CSV Files and Conventions

Many of the data tables exposed by this Python module are read from CSV files contained in vc2_data_tables/csv/*.csv. You are free to use these files directly rather than via the vc2_data_tables module.

In general, the CSV files mimic the format which appears in the VC-2 standards documents and can be opened in common spreadsheet packages and are intended to be relatively human-readable.

Tip

After opening the CSV files included with this module with a spreadsheet package it is often helpful to reset the width of all columns to a fixed size. This is because may files will contain comments which cause certain columns to be assigned very large sizes (see section about comments below).

Warning

Take care when modifying these CSV files some spreadsheet packages contain unhelpful ‘smart’ features which can mangle cells containing values matching certain formats (e.g. anything which looks like a date). Also watch out for trailing spaces in cells.
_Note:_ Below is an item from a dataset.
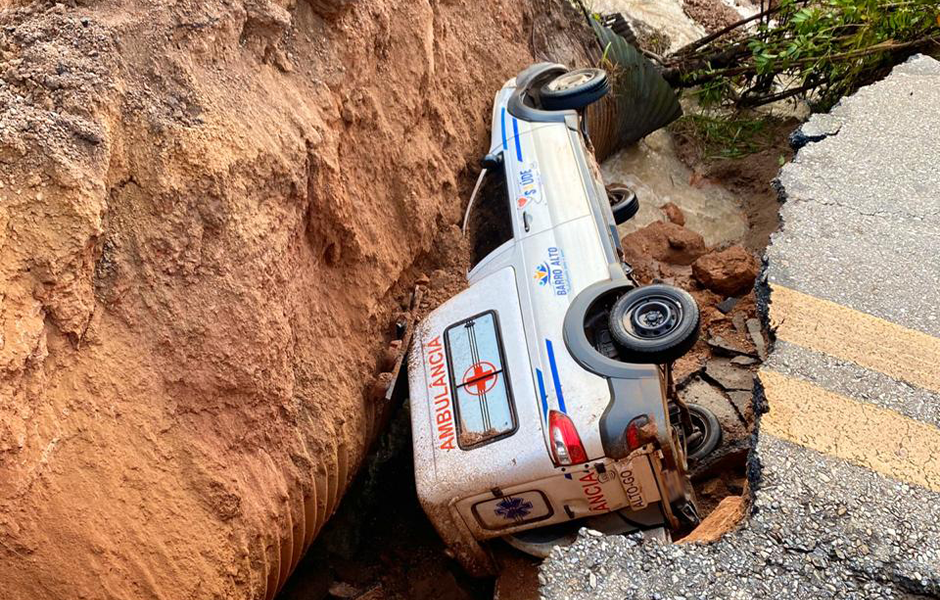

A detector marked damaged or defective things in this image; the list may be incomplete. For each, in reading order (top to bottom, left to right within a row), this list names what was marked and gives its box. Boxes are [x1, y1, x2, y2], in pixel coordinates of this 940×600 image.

cracked asphalt [536, 54, 940, 596]
broken asphalt slab [536, 54, 940, 596]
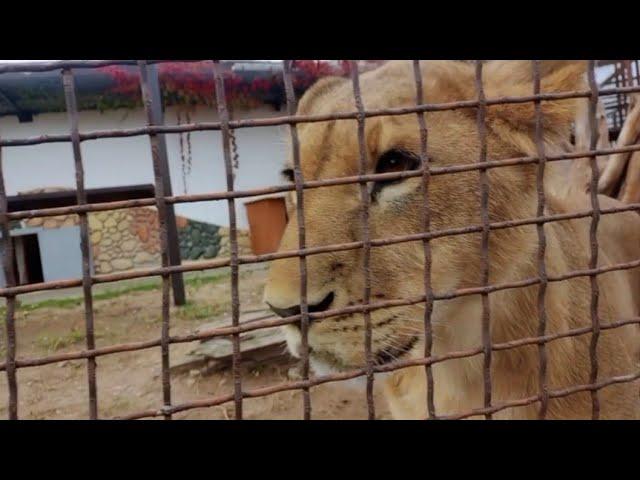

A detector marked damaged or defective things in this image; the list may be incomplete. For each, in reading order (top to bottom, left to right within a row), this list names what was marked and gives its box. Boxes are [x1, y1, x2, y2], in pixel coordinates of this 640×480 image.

The sections below define the specific conventions used by the CSV files in this package.

CSV Dialect

The CSV provided use the Microsoft Excel CSV dialect and are encoded using UTF-8. See Python’s csv module for more background on CSV formatting dialects.

Headings

In all CSV files, the first non-empty/comment row contains headings for the values beneath. The meanings of each column should be self-explantory, but further hints may be given in the vc2_data_tables API documentation associated with each table.

Note

The vc2_data_tables software expects certain column names to be used but is insensitive to column order and will ignore any unexpected extra columns.

Comments

To aid human consumption of the CSV data files, human-readable comments are used. All rows in a CSV file containing only empty cells or cells whose values start with a hash (#) character should be considered to be comments and omitted.

The following illustrates how comments may be used in a CSV.

Not

a

comment!

# A comment

# Another comment

Not

a

comment!

123

abc

# Not a comment

Warning

A cell starting with a hash (#) on a row which contains data is not a comment (see final row of the example above). Comments may only occur on rows which otherwise do not contain data.

Ditto

In some tables, values from previous rows may be repeated using ‘ditto’, written as " or ''. For example:

Number

Above 3?

1

No

2

3

4

Yes

5

6

Warning

Excel and other spreadsheet packages often replace ‘straight’ quote characters with their ‘curly’ unicode variants. Take care when manually parsing CSV files containing ditto to also handle these variants.

Lists

Occasionally table cells may contain a comma separated list of values. These commas are escaped according to the Excel CSV convention of enclosing the whole cell value in double quotes.